Configuring the Caddyfile
Caddy's configuration lives in /etc/caddy/Caddyfile. The default file had some commented examples, which I deleted. Here's what I wrote for my first working gRPC proxy:
ai.vipinpg.com {
reverse_proxy 192.168.1.101:50051 192.168.1.102:50051 {
transport http {
versions h2c
}
lb_policy round_robin
health_uri /health
health_interval 10s
}
}
Breaking this down:
- ai.vipinpg.com: The hostname Caddy listens for. It automatically provisions a Let's Encrypt certificate for this domain.
- reverse_proxy: The directive that forwards traffic. I listed both backend IPs directly.
- transport http { versions h2c }: This tells Caddy to use HTTP/2 Cleartext when talking to backends. gRPC requires HTTP/2, but my backends don't do TLS internally—they expect plain h2c.
- lb_policy round_robin: Distributes requests evenly across both backends.
- health_uri and health_interval: Caddy checks
/healthon each backend every 10 seconds. If a backend fails, it's removed from rotation until it recovers.
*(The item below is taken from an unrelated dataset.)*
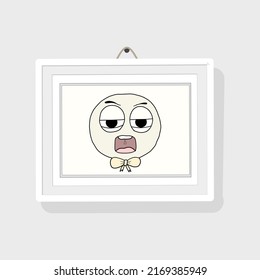 vector graphic illustration of square photo frame design with little boy cartoon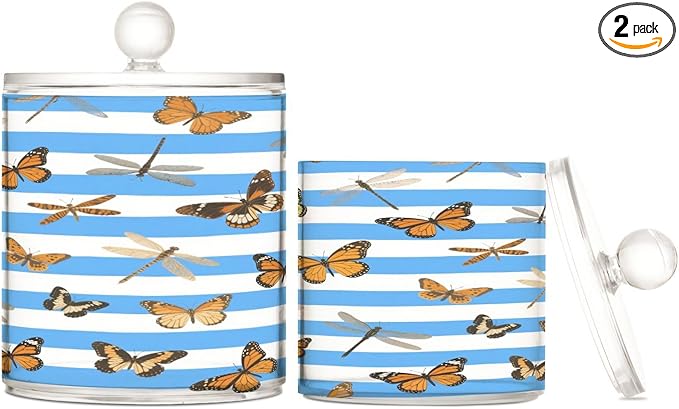 Blue White Striped Butterfly Dragonfly Clear Plastic Makeup Organizer Storage with lid Pantry Essentials Decorative Dental floss storage jar for Cotton Swabs,Cotton Pads,Floss Picks,Paper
I saved the file and validated it:
sudo caddy validate --config /etc/caddy/Caddyfile
No errors. I restarted Caddy:
sudo systemctl restart caddy
Within 30 seconds, Caddy had obtained a TLS certificate from Let's Encrypt. I checked the logs:
sudo journalctl -u caddy -f
I saw successful ACME challenge completion and certificate storage. The automatic TLS claim was real—I did nothing beyond pointing my DNS and writing three lines of config.
Testing with grpcurl
I use grpcurl to test gRPC endpoints. First, I verified the backend directly:
grpcurl -plaintext 192.168.1.101:50051 list
This returned the service definition. Then I tested through Caddy:
grpcurl ai.vipinpg.com:443 list
It worked. Caddy terminated TLS, converted the request to h2c, and forwarded it to the backend. I sent a few inference requests and confirmed both backends were being used (I logged which worker handled each request).
What Didn't Work Initially
Missing h2c transport: My first attempt didn't include the transport http { versions h2c } block. Caddy tried to connect to backends using HTTP/1.1, which gRPC doesn't support. Requests failed with malformed HTTP response errors. Adding the h2c directive fixed it immediately.
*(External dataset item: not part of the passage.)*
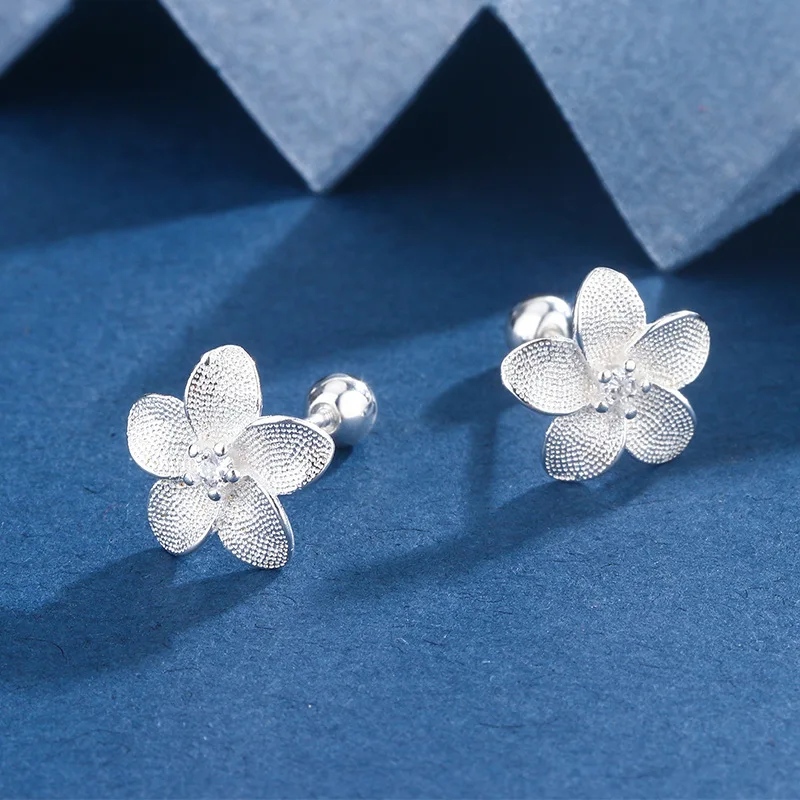 New Creative Silver Color Gardenia Flower Piercing Screw Ball Stud Earrings For Women Girls Charm Party Jewelry Accessories Gift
Health check endpoint: I assumed my gRPC service would respond to /health by default. It didn't. Caddy marked both backends as unhealthy and stopped routing traffic. I had to implement a basic HTTP health endpoint in my Python service that returned 200 OK. This took about 10 lines of code using Flask running on a separate thread.
Port confusion: I initially forgot that Caddy listens on 443 for HTTPS by default. My firewall rules only allowed 80 and 8080. External clients couldn't connect until I opened 443. Obvious in hindsight, but it cost me 20 minutes of confusion.
Load Balancing Behavior
Caddy's round-robin policy worked as expected. I sent 100 requests and logged which backend handled each one—the distribution was 50/50. When I stopped one backend, Caddy detected the failure within 10 seconds (the health check interval) and routed all traffic to the remaining worker. When I restarted the stopped backend, Caddy added it back to rotation automatically.
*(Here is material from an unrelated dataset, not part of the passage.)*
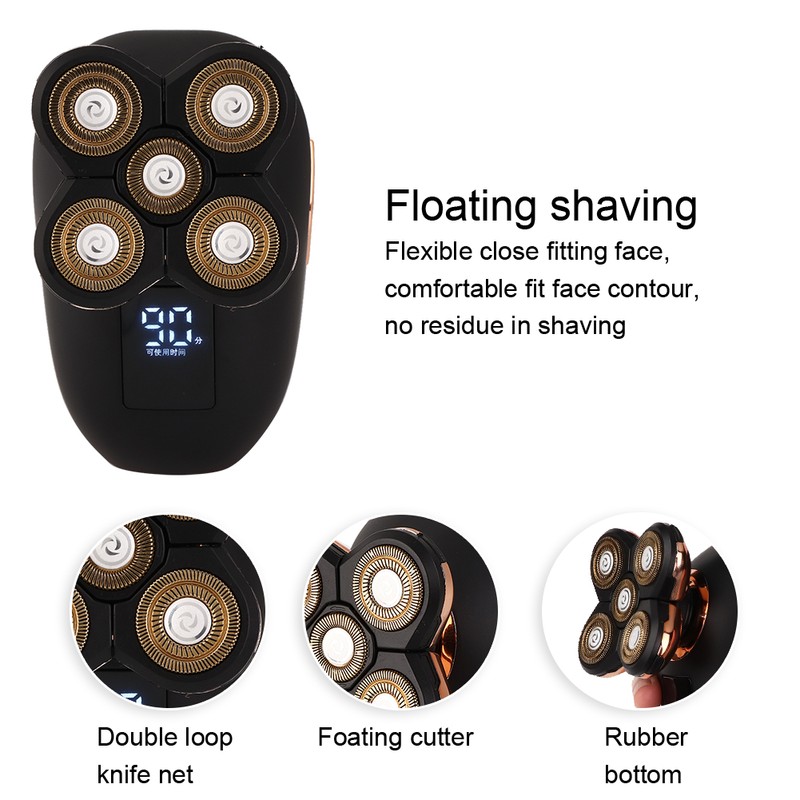 Electric Shaver Waterproof Rechargeable Beard Shaving Trimmer Hair ClipperBlack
I did not test other load balancing policies (random, least_conn, ip_hash) because round-robin met my needs. The documentation suggests they work similarly, but I can't confirm from experience.
Adding a Second Service
I later added an embedding service on a different subdomain. The Caddyfile became:
ai.vipinpg.com {
reverse_proxy 192.168.1.101:50051 192.168.1.102:50051 {
transport http {
versions h2c
}
lb_policy round_robin
health_uri /health
health_interval 10s
}
}
embed.vipinpg.com {
reverse_proxy 192.168.1.103:50052 {
transport http {
versions h2c
}
}
}
Caddy provisioned a second certificate automatically. No additional configuration needed. This is where Caddy's simplicity shines—adding services is just adding blocks.
Certificate Management
Caddy stores certificates in /var/lib/caddy/.local/share/caddy/certificates. I checked this directory and found PEM files for both domains. Renewal happens automatically 30 days before expiration. I've been running this setup for four months now, and certificates have renewed twice without intervention.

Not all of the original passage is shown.